Mir war nicht klar, dass autonome Pkw dort bereits seit einiger Weile lustig am Straßenverkehr teilnehmen.
I’ve become somewhat used to driverless cars in the years they’ve been training on the city’s streets, first with back-up human drivers, and then without. They are here despite opposition from city officials, including the fire chief, and San Francisco recently sued the California state bureau that gave companies licence to use the streets as their laboratory. Firefighters have reported driverless cars attempting to park on firehoses; last June one such car prevented emergency vehicles from reaching victims of a shooting; the vehicles are apparently unequipped to assess these situations and respond by stopping. Direct communication isn’t an option: the only way to get a driverless car to do anything is to contact the company in charge of it.
Hervorhebung von mir, denn das ist gruslig.

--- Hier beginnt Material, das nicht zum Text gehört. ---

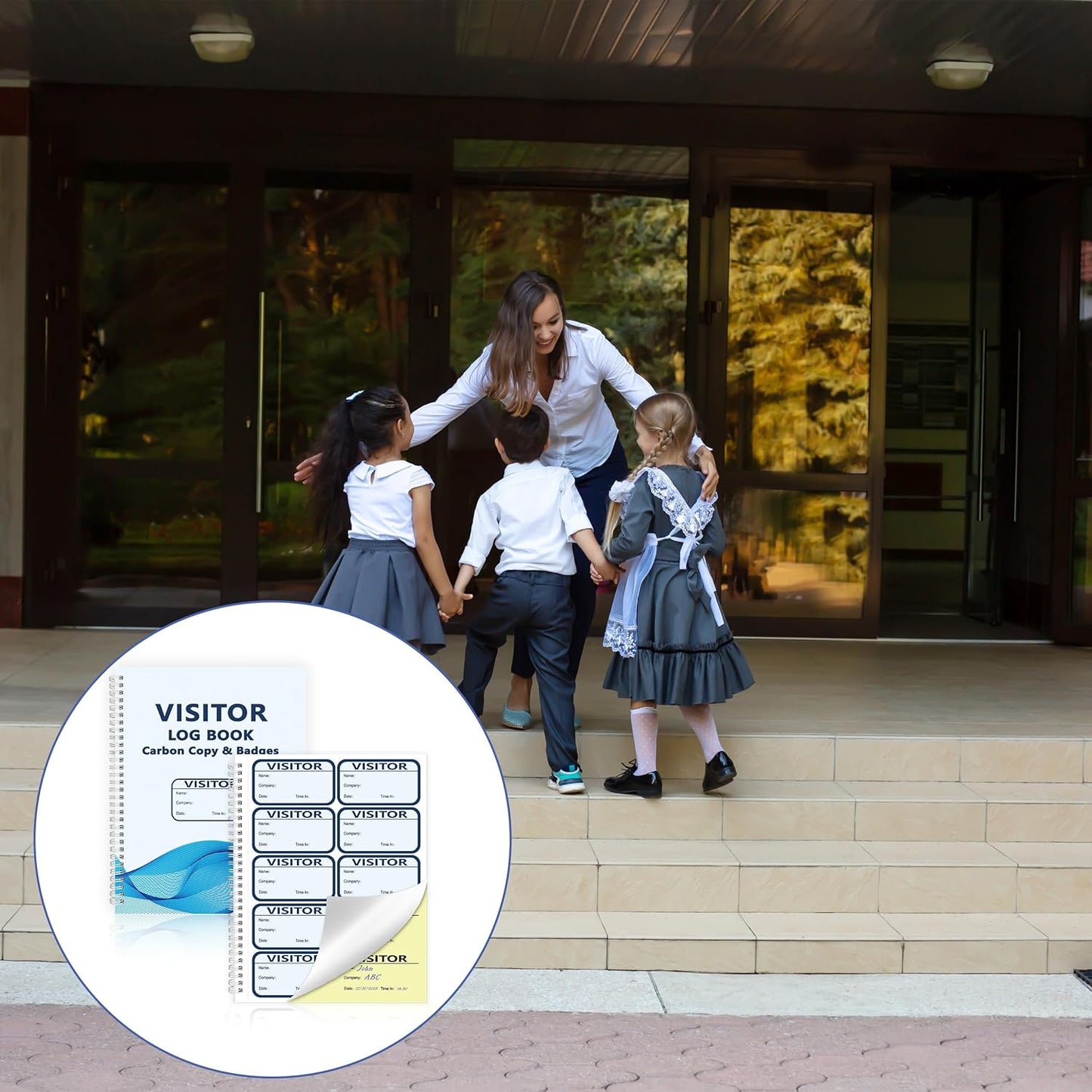 2 Pack of 300 Visitor Badges Registry Log with Carbon Copy Visitor Stickers Letter Size Visitor Log Book Extras Protecting Privacy Pages Spiral-Bound Self Visitor Badges Guest Register Book(2)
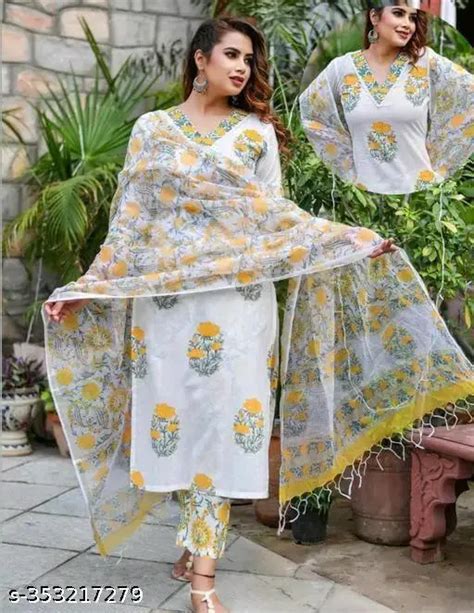 Women Block Printed Kurta and pant set with Dupatta,,Women kurta set ...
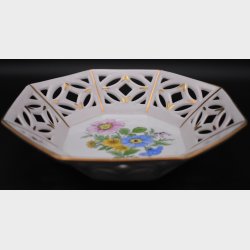 Alt Tirschenreuth Porcelain Reticulated Bowl � Hand Painted Floral Dish with Gold Trim Germany
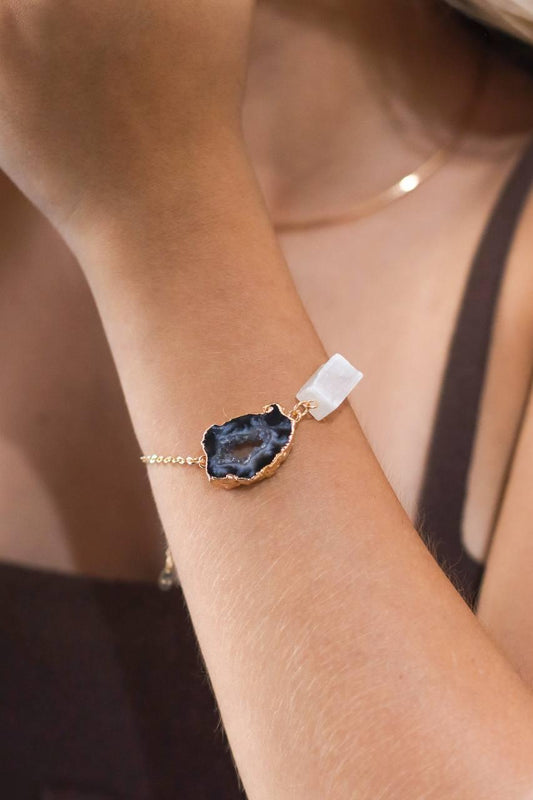Pulseira Ágata Natural com Selenita Branca Banhado Ouro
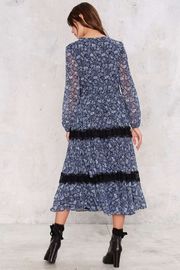 Lace maxi dress printed long sleeve muslim evening dress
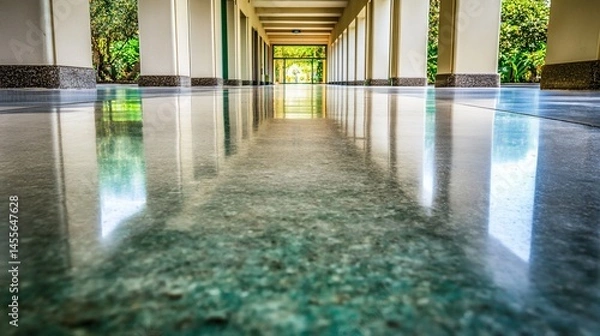 Obraz Polished concrete floor in a colonnaded walkway.  Sunlight streams through the colonnade, reflecting on the floor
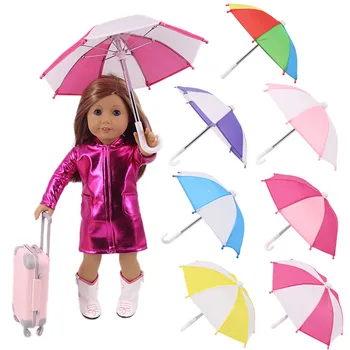 Lėlės Skėtis Priedai Vaivorykštės Spalvų Mini Skėtis Tinka 18 Colių American Doll & 43 Cm, Naujas Gimęs Kūdikis Lėlė Mergaitė Gimtadienis Žaislas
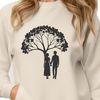 Entwined Branches Symbolism Illustrated tree with intertwined branches, symbolizing love and unity.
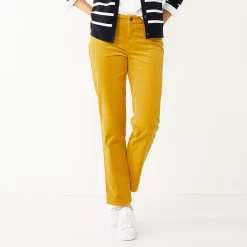 Petite Croft & Barrow® Straight-Leg Corduroy Pants -Outlet Croft & Barrow Store 5653785 Yellow
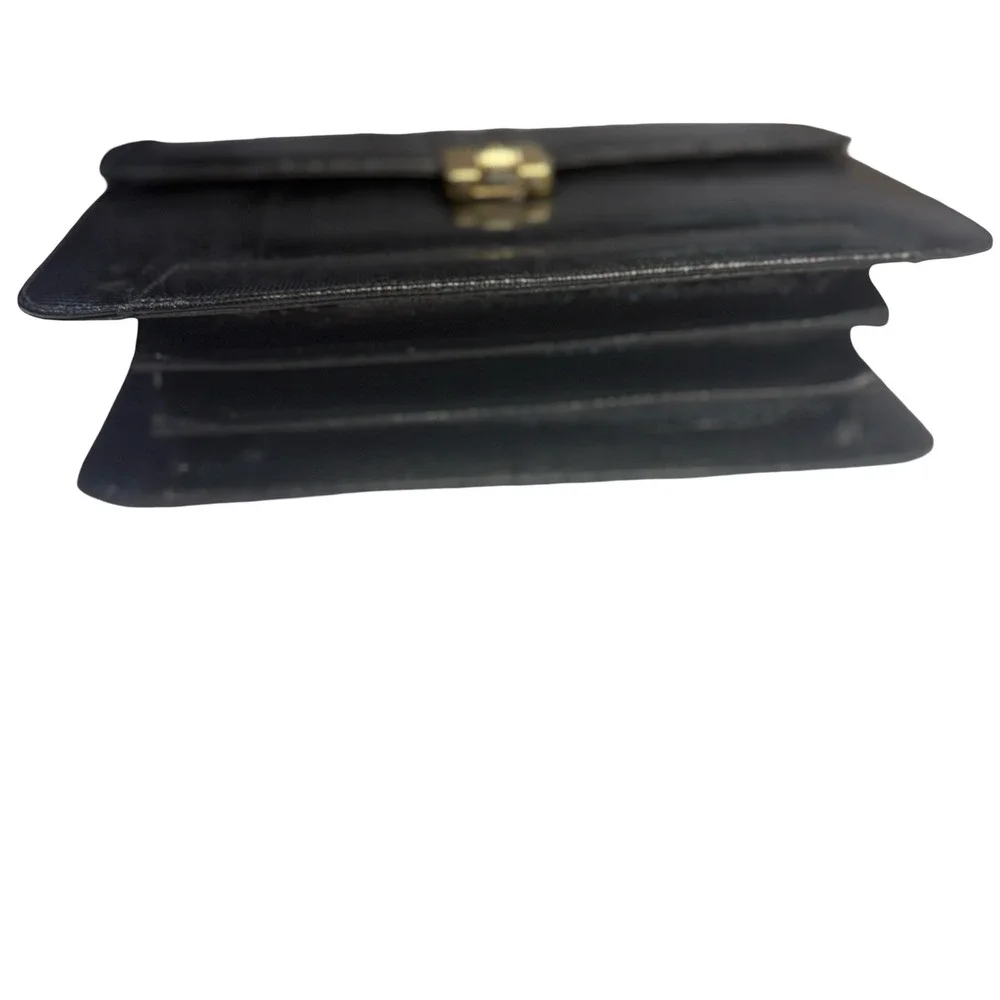 Vintage Black Lizard Embossed Leather Top Handle Strap Purse Bag Gold Hardware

Solnit geht es aber vor allem darum, wie technische Entwicklung menschliche Interaktion reduziert – und das, wo zwischenmenschlicher Austausch immer die Haupttriebkraft von Fortschritt war. (Sehen Sie, das akzeptiere ich als bewiesen, obwohl ich genau diese Reduktion ganz persönlich begrüße. Mir ist bewusst, dass ich die kleine Minderheit bin, die sich freut, wenn die Büroflure leer sind; alle anderen klagen, dann hätten sie ja auch nicht reinzukommen brauchen, wenn sonst niemand da sei.) Rebecca Solnit vergleicht das San Francisco ihrer Jugend mit dem heutigen Stand – einem Paradoxon:
The luxury shuttle buses that Facebook, Google and Apple launched for their employees around 2012, by easing the congested commute, encouraged large numbers of them to move to San Francisco, which has now been fully annexed by the Valley. The desire of tech workers to live in this dense, diverse place while their products create its opposite is an ongoing conundrum. Many tech workers think of themselves as edgy, as outsiders, as countercultural, even as they’re part of immense corporations that dominate culture, politics and the economy.